To make a comparison between a boil-water advisory (which, again, can happen literally anywhere where there are water pipes) and a major failure of judgment that will affect Flint for decades is grossly miscalculating this situation. The only comparison you could make is that Detroiters have to boil water or subsist on bottled water for two days, which is what Flint residents have had to do for years. Suggesting anything further would be incorrect.

(Similarly, if there were any kind of conspiracy to affect all of Detroit, wouldn’t the entire city be affected?)

Here is the entire press release from DWSD explaining today’s circumstances:

The Great Lakes Water Authority's (GLWA) Water Works Park Water Treatment Facility experienced an equipment malfunction Tuesday evening, February 28, 2017, that caused low water pressure in the facility's service area. The Authority has addressed that malfunction and expects that normal pressure levels should be achieved within 24 hours.
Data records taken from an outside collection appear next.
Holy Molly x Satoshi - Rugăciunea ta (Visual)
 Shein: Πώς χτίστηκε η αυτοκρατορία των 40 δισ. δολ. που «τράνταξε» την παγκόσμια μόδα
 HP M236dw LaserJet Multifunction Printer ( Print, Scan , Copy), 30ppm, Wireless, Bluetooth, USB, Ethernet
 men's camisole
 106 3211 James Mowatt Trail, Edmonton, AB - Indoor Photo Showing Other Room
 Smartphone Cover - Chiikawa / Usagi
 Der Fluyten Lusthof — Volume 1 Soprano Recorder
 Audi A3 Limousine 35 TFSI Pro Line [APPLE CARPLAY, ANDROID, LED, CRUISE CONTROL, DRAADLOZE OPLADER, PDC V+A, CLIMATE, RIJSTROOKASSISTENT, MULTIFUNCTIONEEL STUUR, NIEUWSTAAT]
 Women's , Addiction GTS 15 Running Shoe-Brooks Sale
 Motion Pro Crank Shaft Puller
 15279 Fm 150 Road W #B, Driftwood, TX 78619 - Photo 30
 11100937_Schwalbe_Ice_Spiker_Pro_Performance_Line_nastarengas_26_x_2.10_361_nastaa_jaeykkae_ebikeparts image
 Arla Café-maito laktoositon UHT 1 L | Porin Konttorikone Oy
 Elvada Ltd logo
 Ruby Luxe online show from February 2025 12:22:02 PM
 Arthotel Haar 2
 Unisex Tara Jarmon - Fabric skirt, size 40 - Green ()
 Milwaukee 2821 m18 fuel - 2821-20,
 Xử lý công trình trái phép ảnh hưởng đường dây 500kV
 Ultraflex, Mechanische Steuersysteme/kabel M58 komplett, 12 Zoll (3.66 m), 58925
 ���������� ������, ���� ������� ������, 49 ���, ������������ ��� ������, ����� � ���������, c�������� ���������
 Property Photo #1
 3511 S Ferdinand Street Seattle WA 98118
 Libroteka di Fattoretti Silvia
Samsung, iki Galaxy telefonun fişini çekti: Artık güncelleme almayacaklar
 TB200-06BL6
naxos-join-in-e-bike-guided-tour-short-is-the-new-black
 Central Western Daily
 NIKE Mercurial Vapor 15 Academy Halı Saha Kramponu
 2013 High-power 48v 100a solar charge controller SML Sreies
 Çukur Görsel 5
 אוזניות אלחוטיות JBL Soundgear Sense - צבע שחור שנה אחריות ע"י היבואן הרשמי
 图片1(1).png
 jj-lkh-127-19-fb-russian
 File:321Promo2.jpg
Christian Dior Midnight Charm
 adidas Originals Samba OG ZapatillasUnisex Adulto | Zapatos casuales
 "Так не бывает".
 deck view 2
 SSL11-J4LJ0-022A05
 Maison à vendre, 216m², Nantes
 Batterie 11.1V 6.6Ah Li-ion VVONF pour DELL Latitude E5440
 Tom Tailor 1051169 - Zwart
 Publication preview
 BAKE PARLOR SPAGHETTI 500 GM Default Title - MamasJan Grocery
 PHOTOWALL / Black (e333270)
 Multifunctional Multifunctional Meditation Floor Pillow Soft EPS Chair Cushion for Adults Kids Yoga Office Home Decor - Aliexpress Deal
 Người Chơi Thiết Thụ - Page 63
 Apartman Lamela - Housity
As a precautionary measure, GLWA recommended that the area south of McNichols to the riverfront and Linwood east to Conner in the city of Detroit, along with the cities of Hamtramck and Highland Park, be placed under a boil water advisory.

What should I do?

DO NOT DRINK THE WATER WITHOUT BOILING IT FIRST. Bring all water to a boil, let it boil for one minute, and let it cool before using, or use bottled water. Boiled or bottled water should be used for drinking, making ice, brushing teeth, washing dishes, and food preparation until further notice. Boiling kills bacteria and other organisms in the water.

What happened? What is being done?

These precautionary actions are being taken due to the aforementioned temporary loss of water pressure in the water distribution system Tuesday evening, February 28, 2017. Whenever a water system loses pressure for any significant length of time, precautionary measures are recommended.

The GLWA and DWSD are working to get pressure restored, and water staff will be taking other remedial actions such as flushing and collecting bacteriological samples from around the system. The samples will be collected to determine that the water quality meets the state drinking water standards. The GLWA and DWSD will inform customers when tests show no bacteria and customers no longer need to boil water.

This boil water notice shall remain in effect for the defined area until results from the sampling verify the water is safe to drink. Customers will be advised when the boil water advisory has been lifted.

If residents or businesses have no water service in the area defined in this advisory, please call the DWSD emergency line at 313-267-7401.